I bank at wells fargo, the only information that "comes back" to the check writer is an image of the cashed check... and I don't put any account number on the back with my quickly scribbled endorsement, that is the new way... a mobile deposit with my cell phone, the check goes into my desk drawer, no personal info at all.

I would be worried that the $10 check would cost me $25 in a returned check fee if it bounces!


----------



## Mars Troll Number 4 (Oct 30, 2015)

LAuberX said:


> I bank at wells fargo, the only information that "comes back" to the check writer is an image of the cashed check... and I don't put any account number on the back with my quickly scribbled endorsement, that is the new way... a mobile deposit with my cell phone, the check goes into my desk drawer, no personal info at all.
> 
> I would be worried that the $10 check would cost me $25 in a returned check fee if it bounces!

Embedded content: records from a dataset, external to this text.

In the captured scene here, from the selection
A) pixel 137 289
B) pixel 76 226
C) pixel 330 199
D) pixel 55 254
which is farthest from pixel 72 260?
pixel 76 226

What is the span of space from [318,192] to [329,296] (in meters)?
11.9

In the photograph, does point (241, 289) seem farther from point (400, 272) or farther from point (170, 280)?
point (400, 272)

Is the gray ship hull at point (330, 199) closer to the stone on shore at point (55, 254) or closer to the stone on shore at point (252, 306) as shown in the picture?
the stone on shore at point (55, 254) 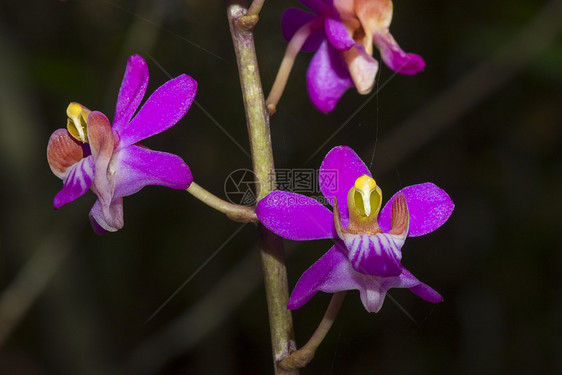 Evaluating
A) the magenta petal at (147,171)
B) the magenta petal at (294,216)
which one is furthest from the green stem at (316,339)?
the magenta petal at (147,171)

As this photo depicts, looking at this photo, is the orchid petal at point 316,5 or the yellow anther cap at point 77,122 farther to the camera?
the orchid petal at point 316,5

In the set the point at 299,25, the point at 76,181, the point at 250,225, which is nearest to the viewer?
the point at 76,181

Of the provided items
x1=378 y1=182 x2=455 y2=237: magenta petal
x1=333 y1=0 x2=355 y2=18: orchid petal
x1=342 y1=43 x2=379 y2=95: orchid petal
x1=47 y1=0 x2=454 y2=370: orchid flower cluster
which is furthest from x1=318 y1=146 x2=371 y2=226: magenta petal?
x1=333 y1=0 x2=355 y2=18: orchid petal

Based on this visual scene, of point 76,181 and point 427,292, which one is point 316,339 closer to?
point 427,292

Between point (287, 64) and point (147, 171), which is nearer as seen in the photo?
point (147, 171)

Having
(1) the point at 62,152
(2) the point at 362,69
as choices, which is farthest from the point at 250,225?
(1) the point at 62,152

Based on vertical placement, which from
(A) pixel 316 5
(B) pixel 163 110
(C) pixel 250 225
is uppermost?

Never take a questionable check to a bank, take it to a check cashing place. Any check that you get in this business..i would give it a 50/50 shot of being a good check.

50/50 chance 
of being out $3
or getting the remainder of the check out in cash

That's a lot better then risking a returned check fee. Given that ... in all honesty... half of them are crap.. this is your best bet.


----------



## MikesUber (Oct 23, 2015)

"PayPal me" send it to this (junk) email


----------